Dataset entries:
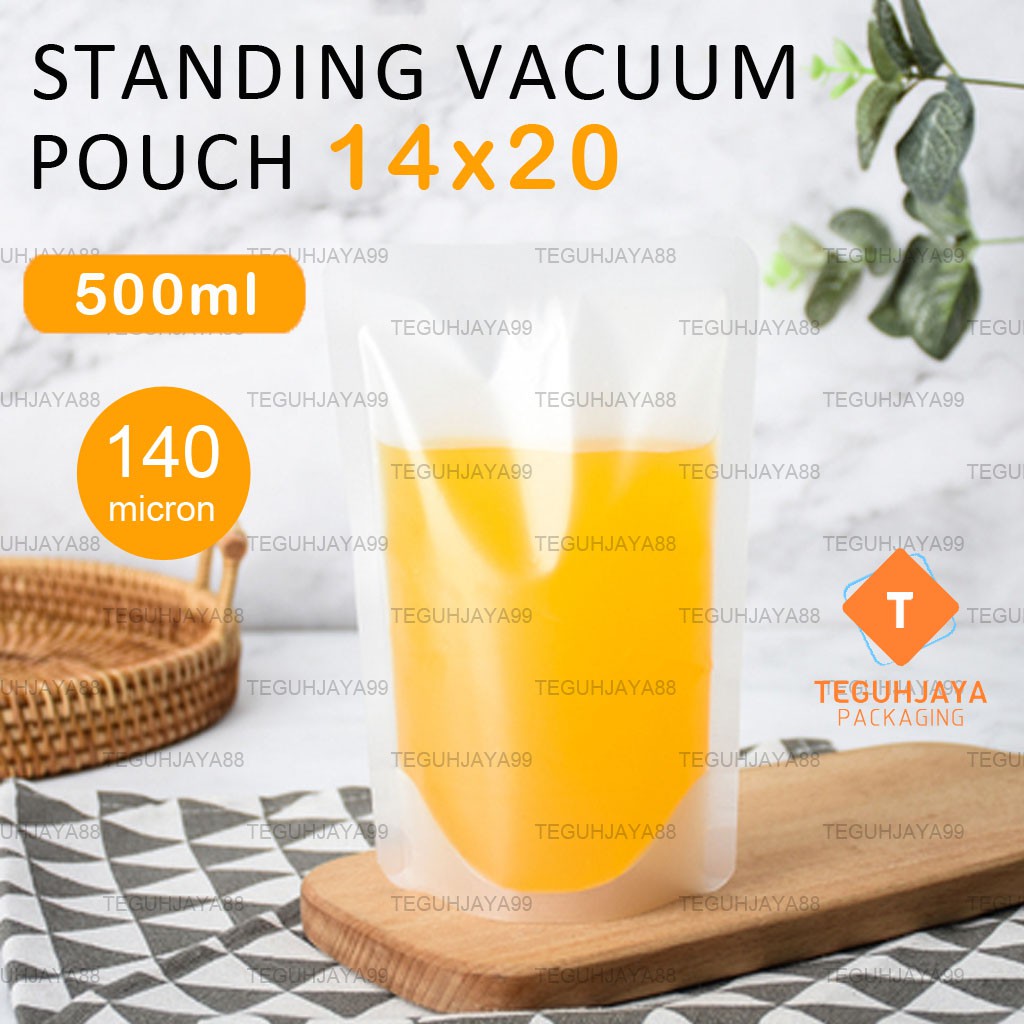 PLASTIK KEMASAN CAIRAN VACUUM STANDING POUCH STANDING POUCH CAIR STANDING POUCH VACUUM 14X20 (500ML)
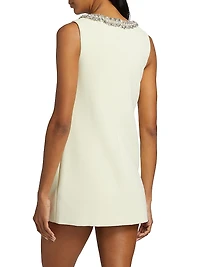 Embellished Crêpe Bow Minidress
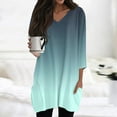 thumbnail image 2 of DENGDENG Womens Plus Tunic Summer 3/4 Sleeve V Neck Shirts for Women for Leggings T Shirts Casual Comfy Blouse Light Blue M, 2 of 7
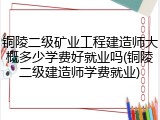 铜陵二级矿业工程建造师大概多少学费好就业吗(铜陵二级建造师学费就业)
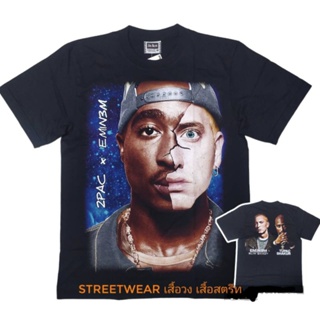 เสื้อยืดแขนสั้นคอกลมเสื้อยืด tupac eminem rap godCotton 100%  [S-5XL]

Description of the task: When you find the line that contains "thumbnail image 2", retype it and every line after it through the end of the data above, exactly, with no pictures.

Response to this exercise:
 thumbnail image 2 of DENGDENG Womens Plus Tunic Summer 3/4 Sleeve V Neck Shirts for Women for Leggings T Shirts Casual Comfy Blouse Light Blue M, 2 of 7
 铜陵二级矿业工程建造师大概多少学费好就业吗(铜陵二级建造师学费就业)
 เสื้อยืดแขนสั้นคอกลมเสื้อยืด tupac eminem rap godCotton 100%  [S-5XL]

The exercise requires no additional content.